***** SOURCE DATA *****
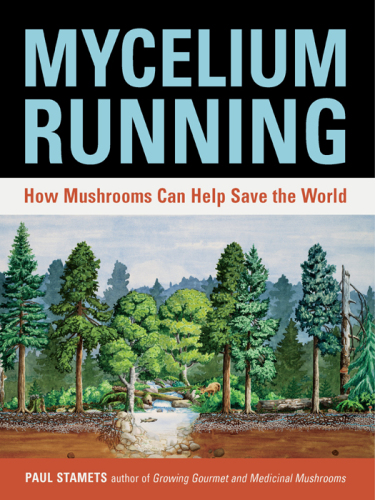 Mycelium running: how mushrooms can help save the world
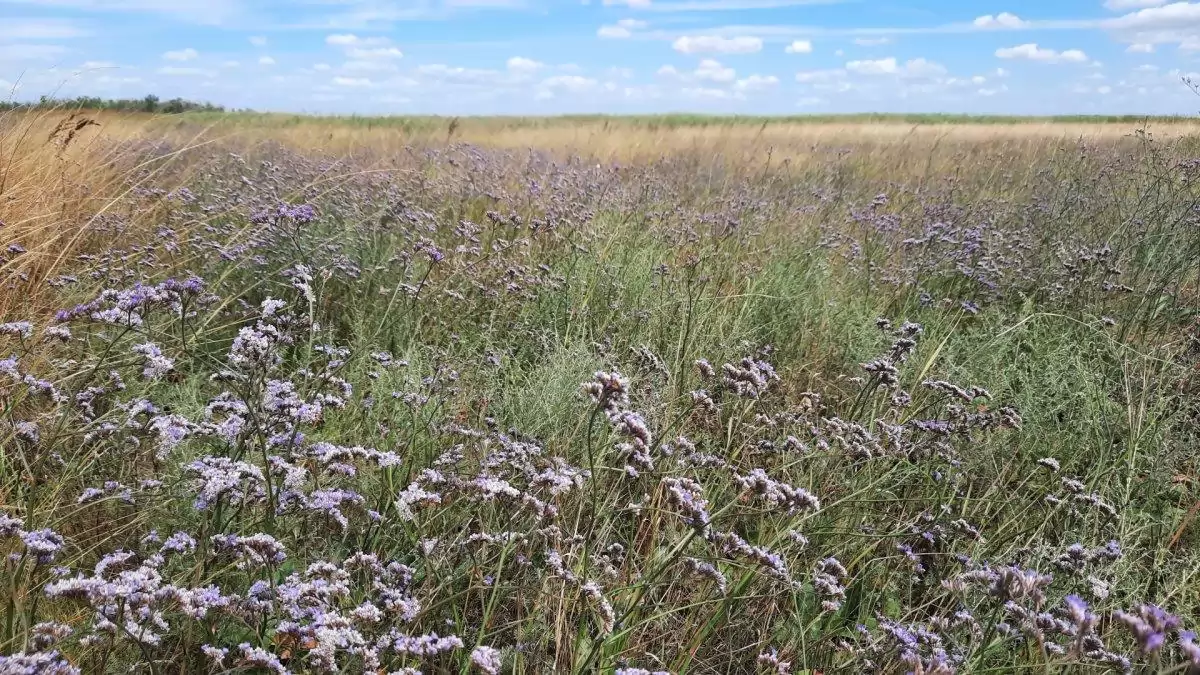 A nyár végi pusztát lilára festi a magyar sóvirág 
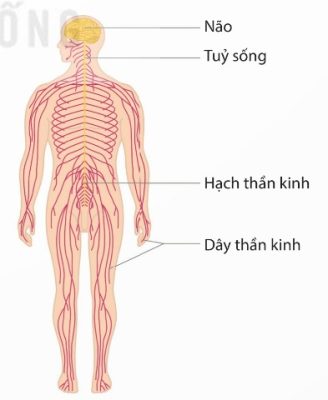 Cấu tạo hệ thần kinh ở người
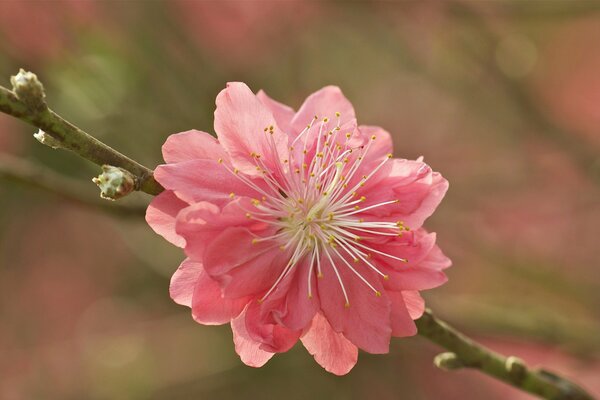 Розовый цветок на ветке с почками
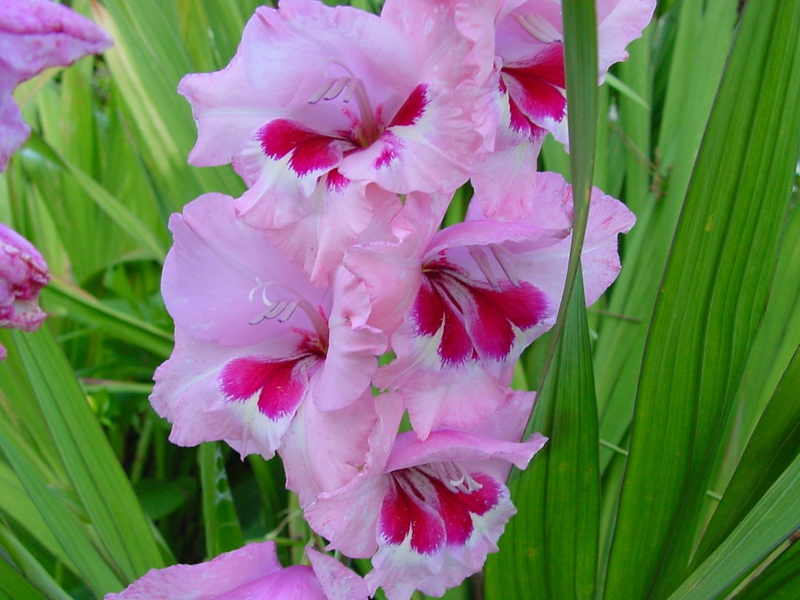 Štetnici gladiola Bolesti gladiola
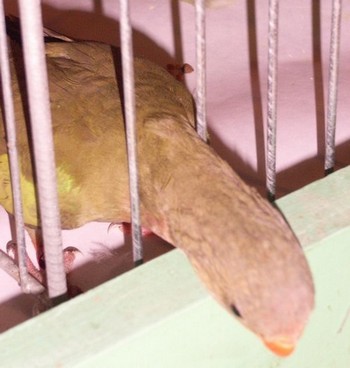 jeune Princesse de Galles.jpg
*****
***** SOURCE DATA *****
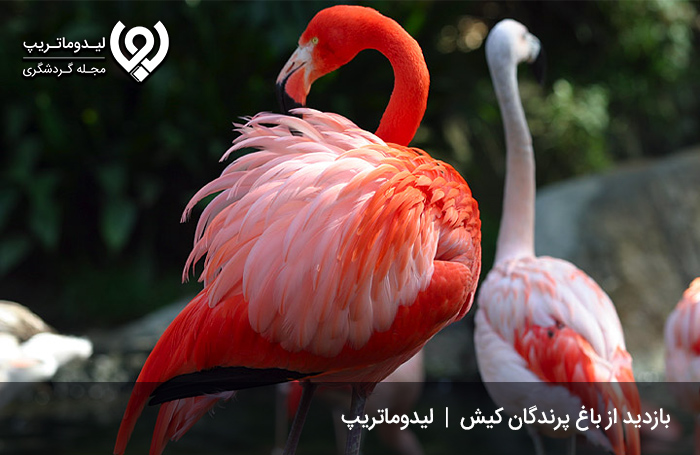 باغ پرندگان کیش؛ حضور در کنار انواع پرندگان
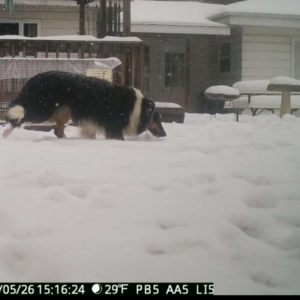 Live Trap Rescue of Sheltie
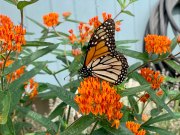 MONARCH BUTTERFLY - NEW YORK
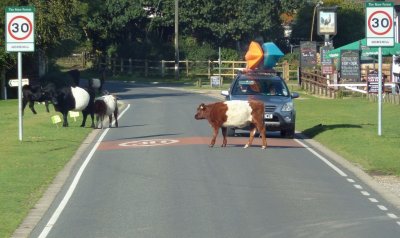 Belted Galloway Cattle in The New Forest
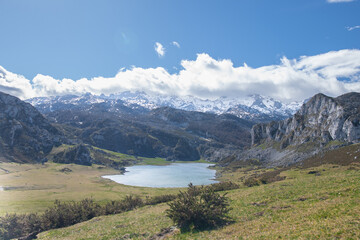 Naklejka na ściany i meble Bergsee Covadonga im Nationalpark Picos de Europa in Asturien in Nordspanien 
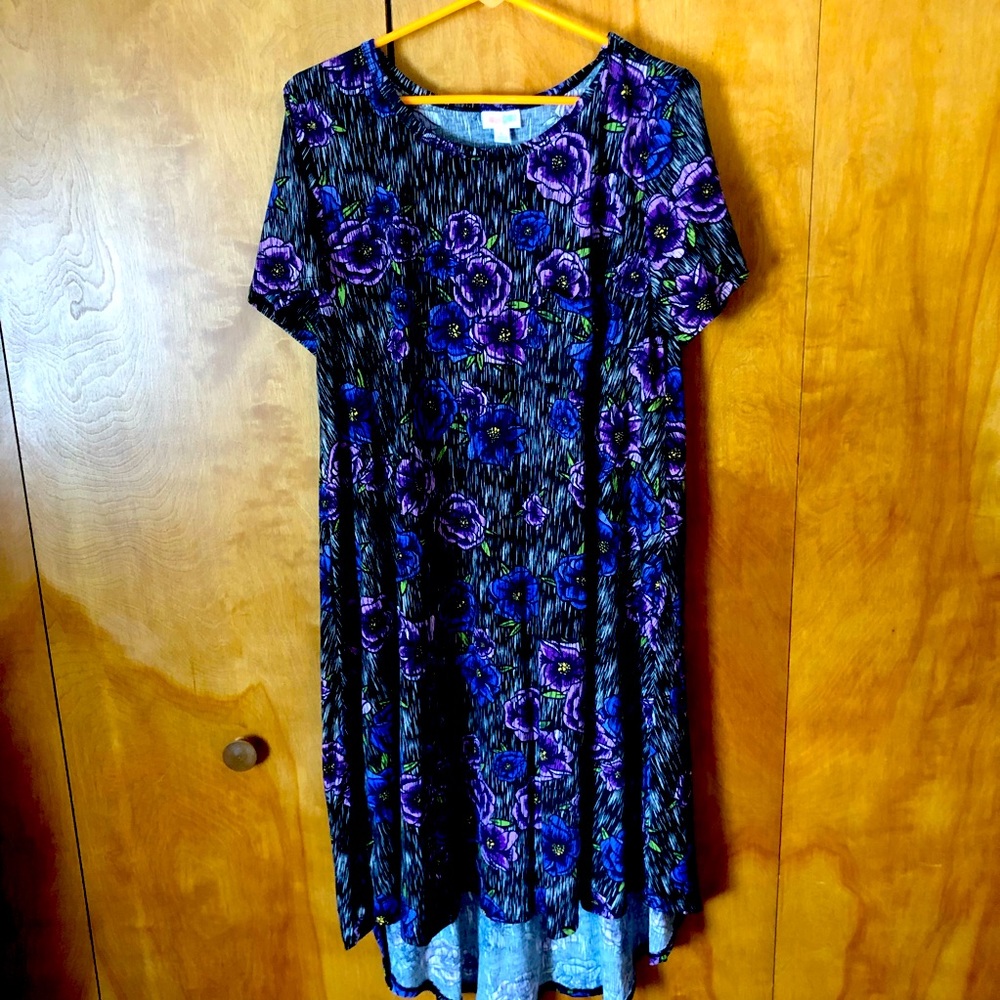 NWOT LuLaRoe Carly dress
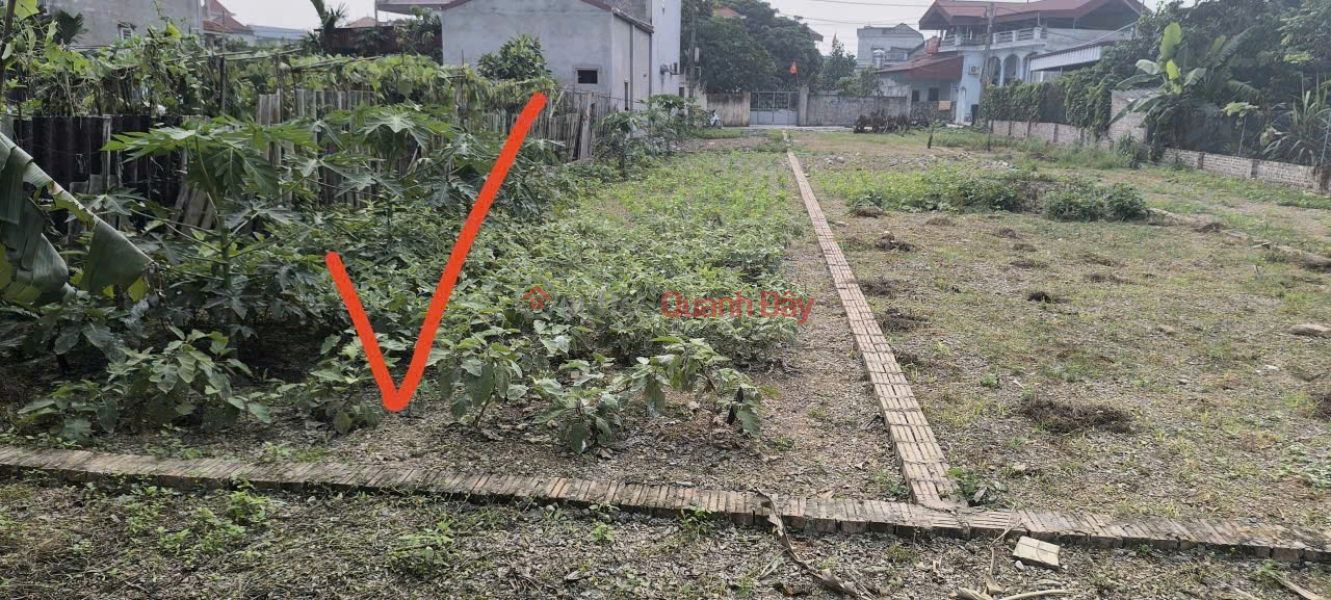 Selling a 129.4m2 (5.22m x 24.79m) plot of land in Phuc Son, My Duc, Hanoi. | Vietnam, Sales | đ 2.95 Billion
*****
***** SOURCE DATA *****
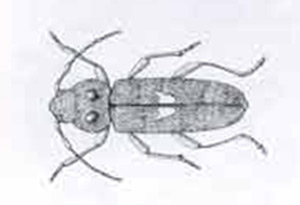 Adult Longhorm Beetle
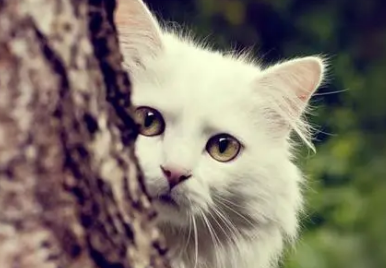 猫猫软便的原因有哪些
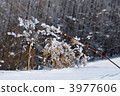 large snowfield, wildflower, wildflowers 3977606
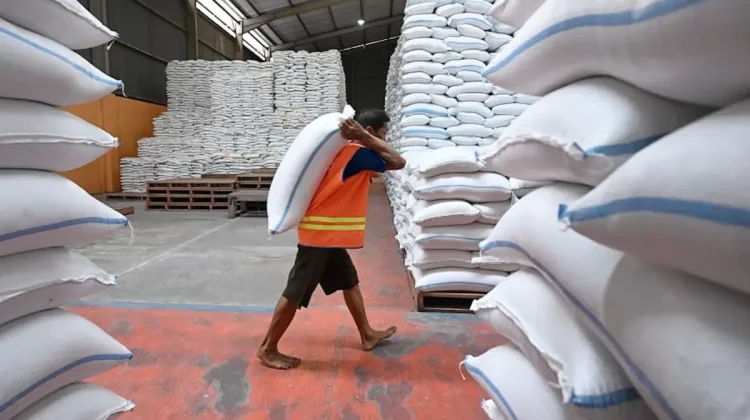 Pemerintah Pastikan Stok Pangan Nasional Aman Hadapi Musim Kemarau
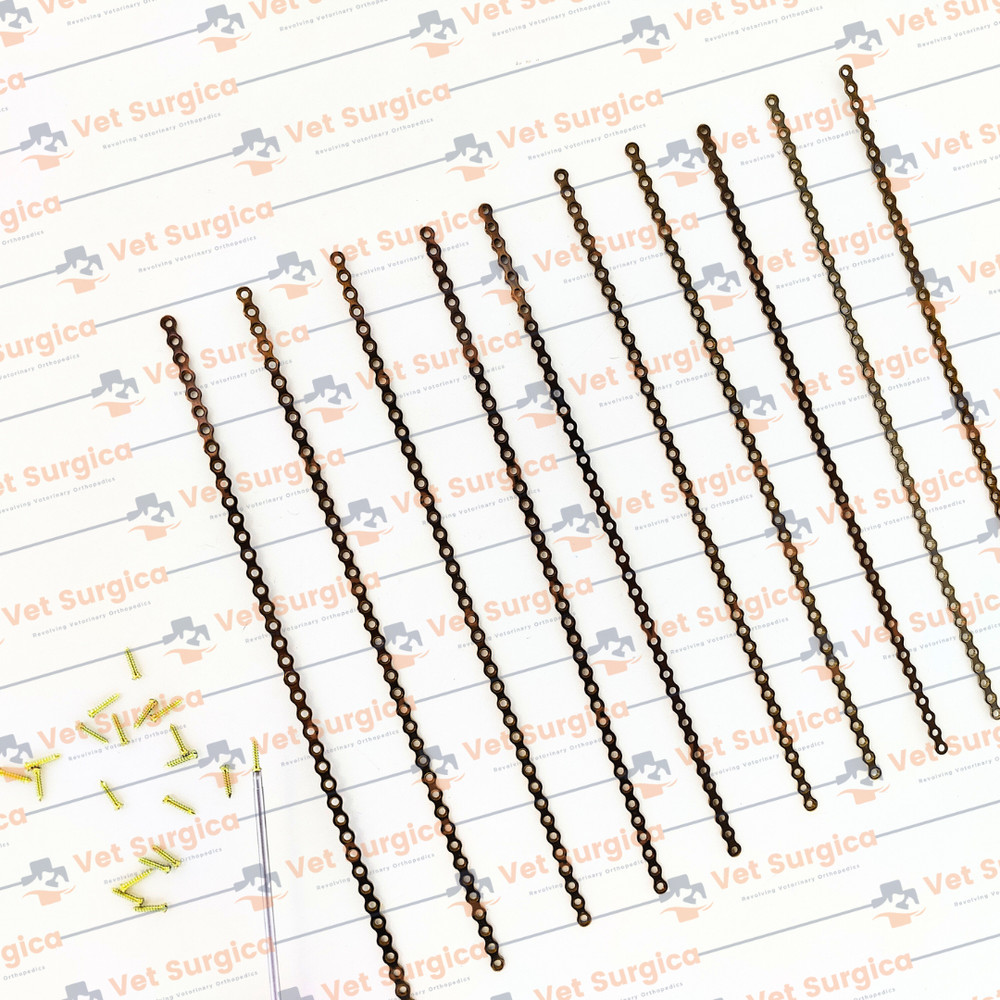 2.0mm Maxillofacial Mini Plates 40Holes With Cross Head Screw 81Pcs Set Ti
*****
What's needed is an exact copy of the lines above from the one with "باغ پرندگان کیش؛ حضور در کنار انواع پرندگان" through the one with "Selling a 129.4m2", both included; the pictures stay out.

TASK RESULT:
 باغ پرندگان کیش؛ حضور در کنار انواع پرندگان
 Live Trap Rescue of Sheltie
 MONARCH BUTTERFLY - NEW YORK
 Belted Galloway Cattle in The New Forest
 Naklejka na ściany i meble Bergsee Covadonga im Nationalpark Picos de Europa in Asturien in Nordspanien 
 NWOT LuLaRoe Carly dress
 Selling a 129.4m2 (5.22m x 24.79m) plot of land in Phuc Son, My Duc, Hanoi. | Vietnam, Sales | đ 2.95 Billion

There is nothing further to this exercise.